I was, I watched the show. It’s a summer show in the US, so it was in late July when the show was halfway through season 2 that I got the call. ‘Hey, you’re being considered for this new alien character on the show.’ So only being a fan of the show and knowing the storyline and loving it, that was a great call to get. ‘Ooh, I get to play with all these people. Yay!’ Of course it involves getting into all this make-up, but yeah it’s a fun call to get.
Speaking of the make-up, what exactly does it involve on a day-to-day basis?
Well, first of all, Cochise on Falling Skies is a mercifully short make-up process compared to the things that I’ve done before. When you’re looking at something like my Abe Sapien character from the Hellboy movies, that would be five to seven hours a day. The same with Pan’s Labyrinth, those were five-hour characters, the fawn and the pale man. But when you’re looking at Cochise on Falling Skies, that was two hours to get the complete head to toe look. Its just ridiculpusly short for this kind of thing. But with series television there’s a schedule we have to keep, and what we have to turn around and do the next day, and episode after episode, so they really have to get that down to a workable time.
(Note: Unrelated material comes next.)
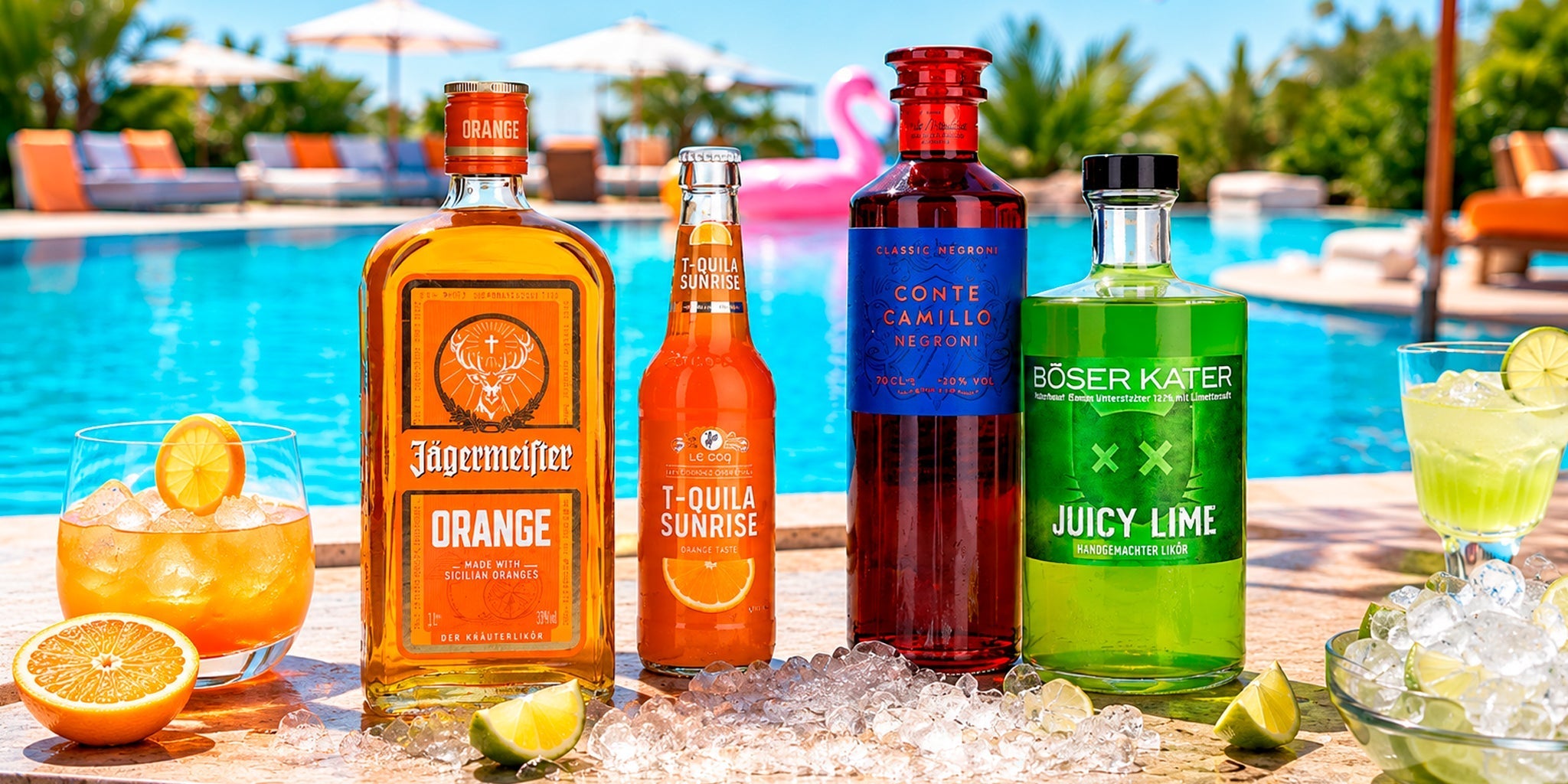 Pool party scene with Jägermeister Orange, Le Coq T-Quila Sunrise, Conte Camillo Negroni and Böser Kater Juicy Lime bottles on ice, styled with citrus cocktails by a bright summer swimming pool.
But my day starts with me in a spandex pair of shorts and a t-shirt that are tight to my skin so that I can just shimmy on the body-suit which is all pre-muscled and pre-made for me, but I need help getting it on. It’s so skin-tight and so form-fitting that I can’t get it on by myself, I need friends to help get dressed! I then have two make-up artists who help put on my face and my head which goes on and all the way down to my neck in three pieces. One big one that goes around the back of my head where my face pops out of. And then my face piece which covers my eyes, nose, and the top of my mouth. Then there’s a bottom lip that goes on to blend in so we can get better movement out of my mouth. So that’s all glued down to my face, and then my accessories go on, like those plasticy looking onion ring things around my shoulders, and that neck piece that looks like a translator. I do speak perfect English in the show, because a lot of exposition comes through me. And they don’t ever explain this in the show, but I am wearing a collar around my neck that looks kind of like a toilet seat with blue lights on it. They did a sound mix on the show that makes my voice sound a little bit lower and more echoey than my real voice, so it sounds like it’s kind of coming through that translating collar.
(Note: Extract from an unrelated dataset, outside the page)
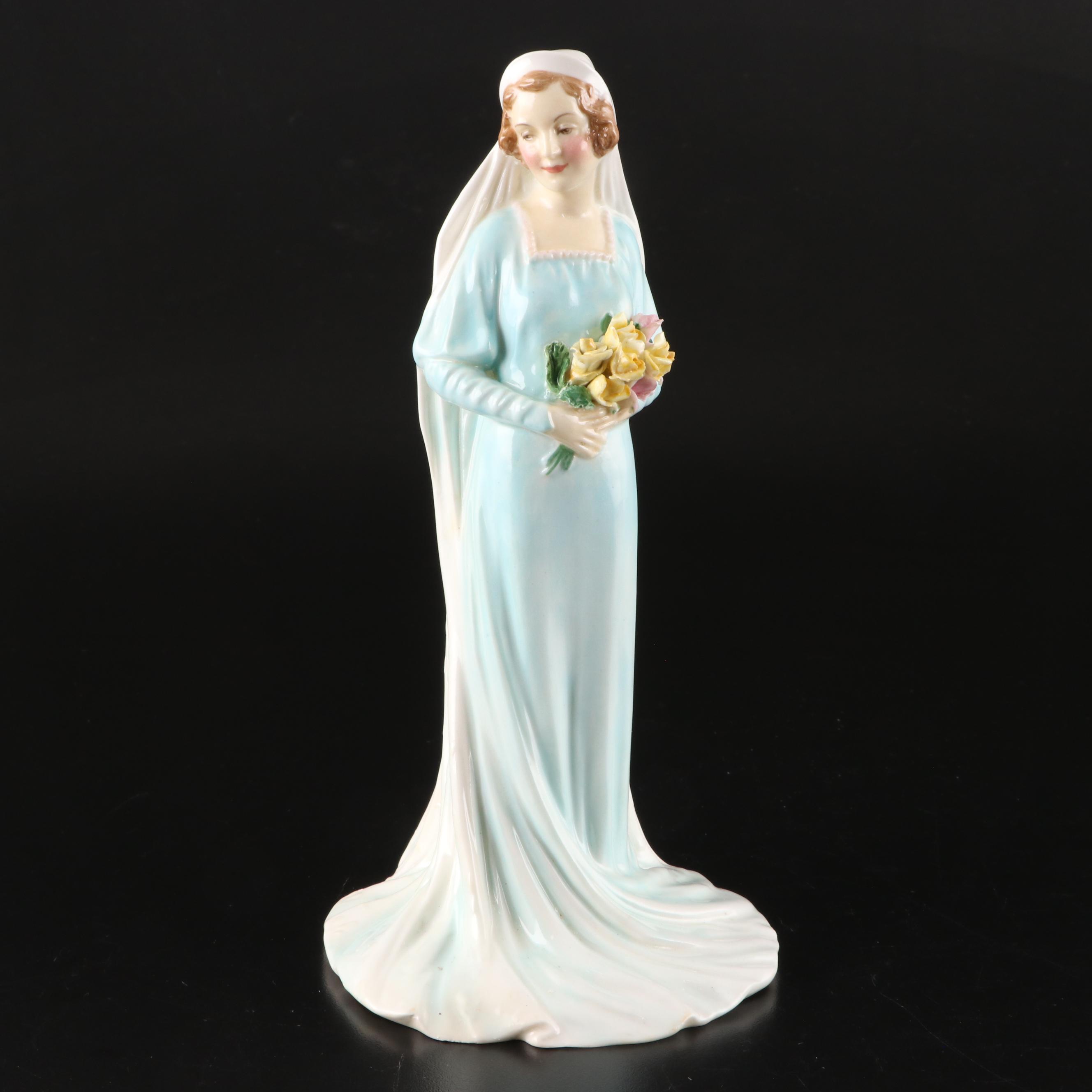 Royal Doulton "The Bride" Bone China Figurine, Mid-20th Century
You’re one of the go-to guys when it comes to delivering these performances through heavy prosthetics. Is there a key to getting your emotions and performance to shine through despite being behind all the make-up?
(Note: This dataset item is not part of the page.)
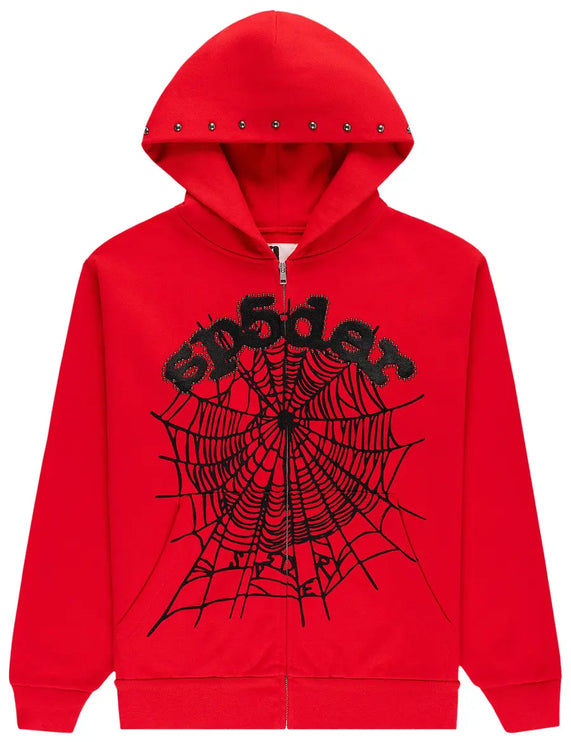 Sp5der OG Web Studded Zip Hoodie 'Red'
Oh, I wish I had something brilliant to say right now. I’ll tell you what, this whole side of my career took me by surprise. I didn’t know that playing monsters on film was an option. I’d seen old movies like Frankenstein, The Mummy, Phantom of the Opera, and I was a big fan of all those, but I never really thought about it being an actor in make-up . So getting a performance to come through foam-rubber latex is an art form that I’ve just had to learn. But having a background as a mime, I started that when I was at University many years ago, and being a fan of silent films and Charlie Chaplin and Buster Keaton, and being a fan of I Love Lucy and sitcoms like Mayberyr R.F.D. with Don Knotts playing that goofy Deputy Barney Fife, or Gilligan’s Island. Those tall, skinny, goofy guys who were all very physically funny inspired me. You can see a performance happening from head to toe that, once I’d learned as a mime, that whole physicality came out and I learned that there’s a lot that goes beyond verbal. Communication happens from head to toe. But with that, and me being a tall, skinny guy with a small face, it turns out that people love to build things on me, because they can build out and not get too bulky on me. That’s what they tell me anyway. So that whole combo platter leads to, ‘oh, let’s put that guy in make-up and make him into an other-worldly creature.’ So it’s something that I never sought, but it has made a career for me that I never expected but that I’m very happy with.
Falling Skies, Season 3, begins airing tonight (Tuesday 16th July) on FOX.